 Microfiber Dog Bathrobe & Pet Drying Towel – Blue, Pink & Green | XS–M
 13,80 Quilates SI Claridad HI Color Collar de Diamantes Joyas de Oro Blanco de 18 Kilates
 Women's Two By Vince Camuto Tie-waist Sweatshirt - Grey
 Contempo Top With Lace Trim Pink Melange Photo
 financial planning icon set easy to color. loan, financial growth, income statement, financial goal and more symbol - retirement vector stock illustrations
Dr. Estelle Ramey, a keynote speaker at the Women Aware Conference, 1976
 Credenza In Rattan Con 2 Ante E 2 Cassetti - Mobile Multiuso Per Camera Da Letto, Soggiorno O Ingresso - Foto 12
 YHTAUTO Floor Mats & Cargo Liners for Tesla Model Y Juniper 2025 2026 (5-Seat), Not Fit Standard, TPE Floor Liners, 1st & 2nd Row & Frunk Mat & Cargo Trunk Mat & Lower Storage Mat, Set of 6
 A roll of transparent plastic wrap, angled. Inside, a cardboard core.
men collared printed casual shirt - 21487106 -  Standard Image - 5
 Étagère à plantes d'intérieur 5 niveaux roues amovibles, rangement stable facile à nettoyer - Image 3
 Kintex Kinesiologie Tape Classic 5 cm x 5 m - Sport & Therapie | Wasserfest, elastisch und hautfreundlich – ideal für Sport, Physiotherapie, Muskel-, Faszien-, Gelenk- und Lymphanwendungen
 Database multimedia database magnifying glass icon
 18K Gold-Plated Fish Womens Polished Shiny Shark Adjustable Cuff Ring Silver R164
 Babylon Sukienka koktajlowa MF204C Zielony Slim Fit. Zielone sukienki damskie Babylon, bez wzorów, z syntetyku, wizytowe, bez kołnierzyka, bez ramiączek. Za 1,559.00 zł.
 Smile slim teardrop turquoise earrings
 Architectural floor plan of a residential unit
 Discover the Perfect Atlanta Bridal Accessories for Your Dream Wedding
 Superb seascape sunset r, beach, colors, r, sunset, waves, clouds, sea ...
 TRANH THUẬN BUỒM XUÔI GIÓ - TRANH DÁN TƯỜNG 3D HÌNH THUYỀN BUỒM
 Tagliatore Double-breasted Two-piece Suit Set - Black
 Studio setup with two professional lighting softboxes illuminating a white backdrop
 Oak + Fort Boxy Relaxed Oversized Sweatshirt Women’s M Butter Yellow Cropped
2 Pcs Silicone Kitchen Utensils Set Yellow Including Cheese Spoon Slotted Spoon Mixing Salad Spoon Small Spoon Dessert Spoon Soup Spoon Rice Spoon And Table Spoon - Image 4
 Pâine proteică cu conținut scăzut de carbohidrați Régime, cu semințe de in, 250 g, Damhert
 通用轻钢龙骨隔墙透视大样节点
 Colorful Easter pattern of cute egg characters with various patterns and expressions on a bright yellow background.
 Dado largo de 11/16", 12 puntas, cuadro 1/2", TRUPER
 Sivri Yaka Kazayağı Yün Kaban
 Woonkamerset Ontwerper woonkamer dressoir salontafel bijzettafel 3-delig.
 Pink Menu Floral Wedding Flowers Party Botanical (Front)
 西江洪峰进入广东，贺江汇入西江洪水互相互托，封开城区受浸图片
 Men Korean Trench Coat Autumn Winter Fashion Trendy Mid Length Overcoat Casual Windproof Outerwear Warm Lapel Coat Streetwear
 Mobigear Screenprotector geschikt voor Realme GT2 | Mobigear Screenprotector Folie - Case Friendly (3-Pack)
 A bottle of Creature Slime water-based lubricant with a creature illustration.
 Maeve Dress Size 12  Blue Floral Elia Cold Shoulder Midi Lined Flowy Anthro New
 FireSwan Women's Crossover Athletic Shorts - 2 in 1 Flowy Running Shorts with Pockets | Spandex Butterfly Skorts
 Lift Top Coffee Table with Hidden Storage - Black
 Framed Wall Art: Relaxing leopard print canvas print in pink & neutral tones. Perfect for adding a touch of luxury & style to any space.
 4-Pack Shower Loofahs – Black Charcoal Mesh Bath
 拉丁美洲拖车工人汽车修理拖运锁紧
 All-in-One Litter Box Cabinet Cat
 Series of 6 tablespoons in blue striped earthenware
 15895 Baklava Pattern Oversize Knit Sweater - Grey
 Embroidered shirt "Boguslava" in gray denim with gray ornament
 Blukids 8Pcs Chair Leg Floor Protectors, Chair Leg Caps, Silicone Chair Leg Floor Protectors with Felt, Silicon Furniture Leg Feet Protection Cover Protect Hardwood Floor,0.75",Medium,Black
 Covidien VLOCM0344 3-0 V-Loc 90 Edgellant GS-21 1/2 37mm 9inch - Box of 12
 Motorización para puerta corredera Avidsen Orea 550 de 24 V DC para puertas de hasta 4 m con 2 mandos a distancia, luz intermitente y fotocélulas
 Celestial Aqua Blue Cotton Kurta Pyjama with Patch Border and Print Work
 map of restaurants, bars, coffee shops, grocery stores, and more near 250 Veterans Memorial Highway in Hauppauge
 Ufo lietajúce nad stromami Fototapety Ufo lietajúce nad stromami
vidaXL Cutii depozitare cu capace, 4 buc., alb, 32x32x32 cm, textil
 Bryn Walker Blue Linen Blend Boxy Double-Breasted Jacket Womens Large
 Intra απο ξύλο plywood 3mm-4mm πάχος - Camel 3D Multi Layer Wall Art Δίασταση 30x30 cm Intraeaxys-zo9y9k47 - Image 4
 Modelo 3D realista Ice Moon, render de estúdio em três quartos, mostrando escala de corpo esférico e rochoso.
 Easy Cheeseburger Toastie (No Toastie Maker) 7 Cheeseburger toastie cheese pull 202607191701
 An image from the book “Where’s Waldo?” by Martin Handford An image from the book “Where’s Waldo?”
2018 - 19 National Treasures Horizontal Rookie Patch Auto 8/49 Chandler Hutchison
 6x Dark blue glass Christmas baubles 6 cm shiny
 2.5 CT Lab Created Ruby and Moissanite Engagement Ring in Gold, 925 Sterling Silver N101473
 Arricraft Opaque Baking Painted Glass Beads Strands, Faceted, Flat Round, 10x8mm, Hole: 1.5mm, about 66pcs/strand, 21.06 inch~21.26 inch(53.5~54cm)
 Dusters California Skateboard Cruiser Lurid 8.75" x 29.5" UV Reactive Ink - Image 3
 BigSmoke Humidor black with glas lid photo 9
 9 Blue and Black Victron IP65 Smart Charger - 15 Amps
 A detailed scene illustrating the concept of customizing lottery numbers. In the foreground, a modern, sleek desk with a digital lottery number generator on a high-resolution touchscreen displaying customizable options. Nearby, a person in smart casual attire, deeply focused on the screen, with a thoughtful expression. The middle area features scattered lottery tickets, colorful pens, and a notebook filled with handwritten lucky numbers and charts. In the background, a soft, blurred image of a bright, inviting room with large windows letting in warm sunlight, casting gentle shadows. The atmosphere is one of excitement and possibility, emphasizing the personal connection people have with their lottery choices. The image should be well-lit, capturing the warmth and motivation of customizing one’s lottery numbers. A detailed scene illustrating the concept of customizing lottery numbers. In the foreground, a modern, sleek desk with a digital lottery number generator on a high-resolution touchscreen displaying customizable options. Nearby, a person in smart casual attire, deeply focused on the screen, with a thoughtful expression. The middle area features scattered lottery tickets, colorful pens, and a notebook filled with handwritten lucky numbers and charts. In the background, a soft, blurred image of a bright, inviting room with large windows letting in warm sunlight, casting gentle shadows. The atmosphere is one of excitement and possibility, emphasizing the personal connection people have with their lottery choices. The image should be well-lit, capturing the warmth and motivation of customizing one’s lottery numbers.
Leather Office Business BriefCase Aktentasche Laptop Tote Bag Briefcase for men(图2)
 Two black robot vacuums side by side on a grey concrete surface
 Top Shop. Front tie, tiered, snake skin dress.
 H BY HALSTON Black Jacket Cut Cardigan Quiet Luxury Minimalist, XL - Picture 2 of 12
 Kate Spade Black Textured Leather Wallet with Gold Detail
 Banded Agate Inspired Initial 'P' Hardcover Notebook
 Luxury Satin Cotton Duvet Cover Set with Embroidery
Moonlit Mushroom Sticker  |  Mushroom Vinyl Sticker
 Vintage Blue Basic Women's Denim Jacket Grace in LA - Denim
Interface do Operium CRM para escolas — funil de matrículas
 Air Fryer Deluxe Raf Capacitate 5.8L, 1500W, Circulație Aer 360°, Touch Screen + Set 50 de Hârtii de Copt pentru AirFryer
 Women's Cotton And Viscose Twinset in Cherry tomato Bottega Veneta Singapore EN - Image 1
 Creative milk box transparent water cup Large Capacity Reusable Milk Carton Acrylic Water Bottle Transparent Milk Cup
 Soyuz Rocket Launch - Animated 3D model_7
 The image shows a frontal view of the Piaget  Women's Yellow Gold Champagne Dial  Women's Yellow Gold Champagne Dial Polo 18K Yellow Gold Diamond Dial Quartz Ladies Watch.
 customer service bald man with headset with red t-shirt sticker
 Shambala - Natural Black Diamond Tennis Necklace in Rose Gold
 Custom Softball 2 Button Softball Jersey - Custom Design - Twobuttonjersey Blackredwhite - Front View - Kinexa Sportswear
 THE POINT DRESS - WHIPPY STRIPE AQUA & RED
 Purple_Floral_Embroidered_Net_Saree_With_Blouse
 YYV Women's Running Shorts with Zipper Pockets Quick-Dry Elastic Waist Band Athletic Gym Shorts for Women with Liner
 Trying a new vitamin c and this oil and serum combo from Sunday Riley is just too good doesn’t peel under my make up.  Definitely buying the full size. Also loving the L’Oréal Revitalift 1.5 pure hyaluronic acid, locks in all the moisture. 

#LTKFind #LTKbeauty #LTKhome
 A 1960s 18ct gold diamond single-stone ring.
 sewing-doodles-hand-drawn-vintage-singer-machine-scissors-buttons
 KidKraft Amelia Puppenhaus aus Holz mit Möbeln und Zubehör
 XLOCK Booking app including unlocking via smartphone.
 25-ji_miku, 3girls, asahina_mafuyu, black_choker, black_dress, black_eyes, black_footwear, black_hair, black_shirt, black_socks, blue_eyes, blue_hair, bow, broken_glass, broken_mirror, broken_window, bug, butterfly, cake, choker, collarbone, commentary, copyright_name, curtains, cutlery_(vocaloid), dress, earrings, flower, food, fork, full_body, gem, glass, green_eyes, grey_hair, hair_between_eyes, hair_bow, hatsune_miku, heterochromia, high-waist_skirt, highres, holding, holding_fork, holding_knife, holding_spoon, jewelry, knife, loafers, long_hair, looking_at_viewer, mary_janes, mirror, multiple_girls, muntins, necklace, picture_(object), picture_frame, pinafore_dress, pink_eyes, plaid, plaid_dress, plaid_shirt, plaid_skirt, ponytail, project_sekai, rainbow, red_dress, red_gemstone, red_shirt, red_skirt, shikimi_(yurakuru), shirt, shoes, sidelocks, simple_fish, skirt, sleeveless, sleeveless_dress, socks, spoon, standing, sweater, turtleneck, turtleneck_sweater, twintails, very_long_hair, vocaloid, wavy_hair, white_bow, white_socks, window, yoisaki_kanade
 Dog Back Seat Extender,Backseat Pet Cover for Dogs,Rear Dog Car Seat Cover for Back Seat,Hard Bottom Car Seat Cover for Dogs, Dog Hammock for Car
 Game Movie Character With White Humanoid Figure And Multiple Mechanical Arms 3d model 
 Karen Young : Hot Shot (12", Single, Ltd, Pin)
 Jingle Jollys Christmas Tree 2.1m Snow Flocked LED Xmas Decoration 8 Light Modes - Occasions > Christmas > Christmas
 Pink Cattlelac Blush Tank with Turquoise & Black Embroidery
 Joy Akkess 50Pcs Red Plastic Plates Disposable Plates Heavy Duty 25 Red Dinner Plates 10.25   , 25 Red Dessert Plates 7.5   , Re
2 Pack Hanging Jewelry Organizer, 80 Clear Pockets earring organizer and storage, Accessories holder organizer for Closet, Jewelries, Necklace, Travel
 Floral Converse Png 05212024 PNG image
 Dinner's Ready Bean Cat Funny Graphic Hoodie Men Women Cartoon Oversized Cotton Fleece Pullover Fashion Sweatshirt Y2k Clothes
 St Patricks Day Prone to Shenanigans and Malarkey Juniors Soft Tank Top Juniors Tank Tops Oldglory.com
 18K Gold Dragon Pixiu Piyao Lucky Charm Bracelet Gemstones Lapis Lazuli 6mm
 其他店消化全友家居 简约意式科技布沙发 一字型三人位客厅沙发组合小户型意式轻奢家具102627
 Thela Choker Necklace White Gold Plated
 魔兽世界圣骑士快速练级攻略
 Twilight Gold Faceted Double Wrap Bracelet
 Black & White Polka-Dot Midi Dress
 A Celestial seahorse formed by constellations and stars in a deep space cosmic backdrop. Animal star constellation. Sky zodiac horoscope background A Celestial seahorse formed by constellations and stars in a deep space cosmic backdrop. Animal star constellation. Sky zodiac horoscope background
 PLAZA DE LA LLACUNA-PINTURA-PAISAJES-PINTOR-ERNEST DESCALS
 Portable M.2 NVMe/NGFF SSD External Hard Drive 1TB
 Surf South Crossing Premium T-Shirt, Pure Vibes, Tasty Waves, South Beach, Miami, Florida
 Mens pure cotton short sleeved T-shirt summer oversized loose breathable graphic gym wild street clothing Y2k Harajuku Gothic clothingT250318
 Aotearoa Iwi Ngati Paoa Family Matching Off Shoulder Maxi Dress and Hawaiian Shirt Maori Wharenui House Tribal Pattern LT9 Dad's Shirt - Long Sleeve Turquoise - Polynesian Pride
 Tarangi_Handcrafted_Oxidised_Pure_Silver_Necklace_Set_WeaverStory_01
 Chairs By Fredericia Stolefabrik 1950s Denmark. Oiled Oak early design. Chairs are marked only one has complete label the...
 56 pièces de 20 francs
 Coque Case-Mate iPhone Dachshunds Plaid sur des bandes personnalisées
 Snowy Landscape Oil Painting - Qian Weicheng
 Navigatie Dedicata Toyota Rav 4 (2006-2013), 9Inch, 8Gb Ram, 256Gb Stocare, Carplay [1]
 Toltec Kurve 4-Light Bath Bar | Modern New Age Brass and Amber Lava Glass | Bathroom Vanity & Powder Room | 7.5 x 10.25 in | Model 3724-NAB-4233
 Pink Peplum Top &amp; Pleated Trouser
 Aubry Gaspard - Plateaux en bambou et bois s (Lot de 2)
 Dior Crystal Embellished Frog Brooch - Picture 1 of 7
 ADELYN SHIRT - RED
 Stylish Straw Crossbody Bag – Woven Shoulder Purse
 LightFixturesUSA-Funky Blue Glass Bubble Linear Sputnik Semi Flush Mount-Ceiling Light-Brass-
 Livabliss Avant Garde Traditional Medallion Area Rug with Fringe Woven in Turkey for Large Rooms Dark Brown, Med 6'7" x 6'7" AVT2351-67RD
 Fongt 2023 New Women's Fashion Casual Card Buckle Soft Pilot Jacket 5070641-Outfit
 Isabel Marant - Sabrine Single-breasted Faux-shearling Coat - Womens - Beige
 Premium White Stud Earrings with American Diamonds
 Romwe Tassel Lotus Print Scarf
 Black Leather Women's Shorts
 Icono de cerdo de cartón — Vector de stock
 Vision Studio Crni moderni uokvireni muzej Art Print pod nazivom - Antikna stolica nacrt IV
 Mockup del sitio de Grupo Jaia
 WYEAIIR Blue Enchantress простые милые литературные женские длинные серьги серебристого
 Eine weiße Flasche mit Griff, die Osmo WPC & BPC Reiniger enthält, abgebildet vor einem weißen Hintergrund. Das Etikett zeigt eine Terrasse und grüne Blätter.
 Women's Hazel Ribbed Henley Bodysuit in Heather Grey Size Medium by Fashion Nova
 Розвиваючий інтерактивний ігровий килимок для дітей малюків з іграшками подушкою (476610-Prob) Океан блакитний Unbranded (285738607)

### [Work to be completed]
Among the entries above, the lines between the ones containing "Easy Cheeseburger Toastie" and "9 Blue and Black", inclusive, are to be transcribed exactly. No other line is to be given.

### [Worked solution]
 Easy Cheeseburger Toastie (No Toastie Maker) 7 Cheeseburger toastie cheese pull 202607191701
 An image from the book “Where’s Waldo?” by Martin Handford An image from the book “Where’s Waldo?”
2018 - 19 National Treasures Horizontal Rookie Patch Auto 8/49 Chandler Hutchison
 6x Dark blue glass Christmas baubles 6 cm shiny
 2.5 CT Lab Created Ruby and Moissanite Engagement Ring in Gold, 925 Sterling Silver N101473
 Arricraft Opaque Baking Painted Glass Beads Strands, Faceted, Flat Round, 10x8mm, Hole: 1.5mm, about 66pcs/strand, 21.06 inch~21.26 inch(53.5~54cm)
 Dusters California Skateboard Cruiser Lurid 8.75" x 29.5" UV Reactive Ink - Image 3
 BigSmoke Humidor black with glas lid photo 9
 9 Blue and Black Victron IP65 Smart Charger - 15 Amps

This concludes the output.